The output of this model is an image of activations at pixel locations along interpolation paths. These activations appear at locations in images where people report perceiving illusory contours.

A more recent model (Kalar et al., 2010), generalizes the framework proposed in the model of Heitger et al. (1998) to interpolate both illusory and occluded contours. This model, which is a neural implementation of contour relatability and the identity hypothesis (that illusory and occluded objects share a common underlying interpolation mechanism), generates images of illusory and occluded contours consistent with human perception in a wide variety of contexts (e.g., Figure 10.12).

There is, however, an important shortcoming of models of this type. The inputs to these models are images where pixel values represent luminance. The outputs of the models are images of illusory and occluded (and real) contours. That is, these models take images that represent luminance at each pixel location and return images that represent illusory and occluded interpolation activity at each pixel location. There is nothing in the outputs to indicate that different pixels are connected to each other, that they form part of a contour, and so on. Nothing describes the areas that form a complete object, much less provides a description of its shape. In this sense, such models can be easily misinterpreted, as the observer viewing the outputs provides all of these additional descriptions.

 Displays and outputs from a filtering model that uses a unified operator to handle illusory and occluded interpolations. The model (Kalar et al., 2010) draws heavily on Heitger et al. (1998) but replaces their “ortho” and “para” grouping processes by a single operator sensitive to either L or T junction inputs. (a) Kanizsa-style transparency display on the left produces output on the right. The illusory contours would not be interpolated by a model sensitive to L junctions only (e.g., Heitger et al., 1998). Except for triangle vertices, all junctions in this display are anomalous T junctions. (b) Occlusion display on the left produces output on the right. This output differs from the Heitger et al. model, which is intended to interpolate only illusory contours.

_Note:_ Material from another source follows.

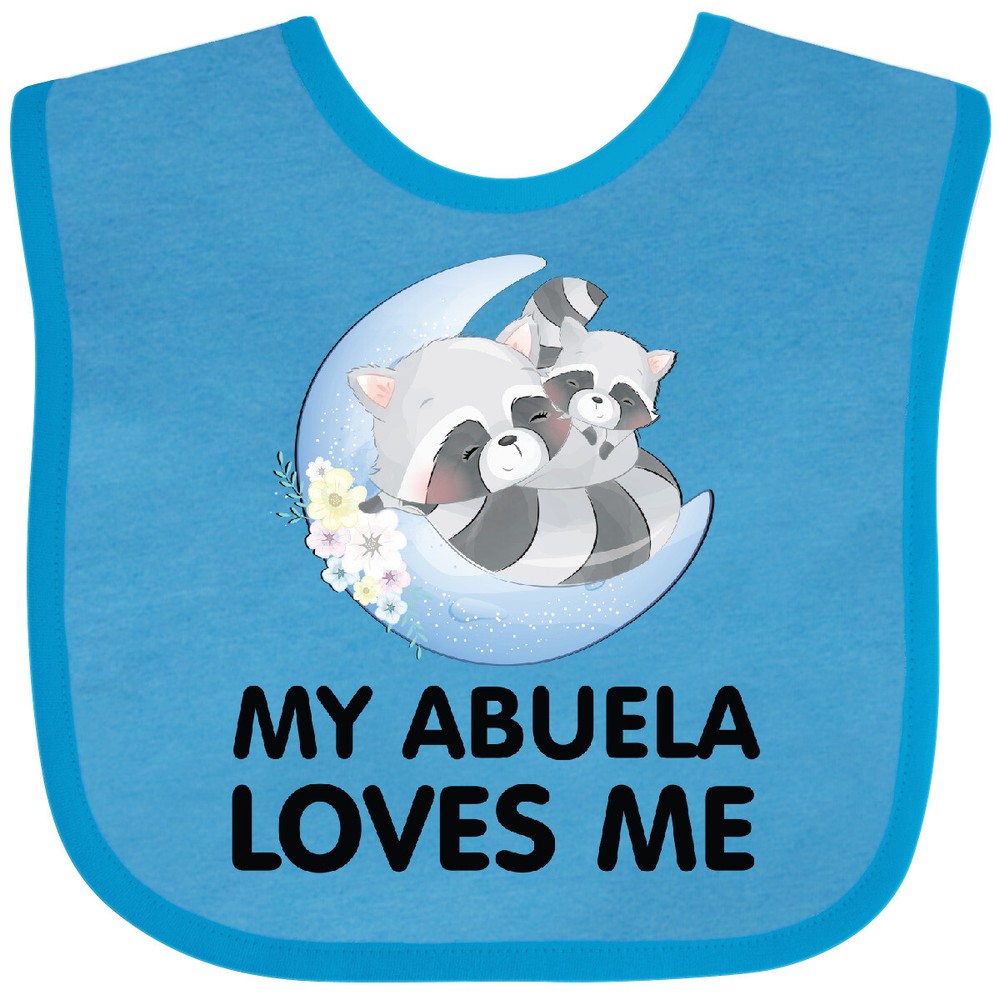 Inktastic Raccoon My Abuela Loves Me Baby Bib Grandchild Grandmother Grandma Day-image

FIGURE 10.12 Displays and outputs from a filtering model that uses a unified operator to handle illusory and occluded interpolations. The model (Kalar et al., 2010) draws heavily on Heitger et al. (1998) but replaces their “ortho” and “para” grouping processes by a single operator sensitive to either L or T junction inputs. (a) Kanizsa-style transparency display on the left produces output on the right. The illusory contours would not be interpolated by a model sensitive to L junctions only (e.g., Heitger et al., 1998). Except for triangle vertices, all junctions in this display are anomalous T junctions. (b) Occlusion display on the left produces output on the right. This output differs from the Heitger et al. model, which is intended to interpolate only illusory contours.

To account for human perception, the important filtering information provided by these models must feed into mechanisms that produce higher-level, symbolic descriptions. Beyond representations of contours (both physically defined and interpolated) as sets of unbound pixel values must be a more holistic description, with properties like shape, extent, and their geometric relationships to other contours in the scene.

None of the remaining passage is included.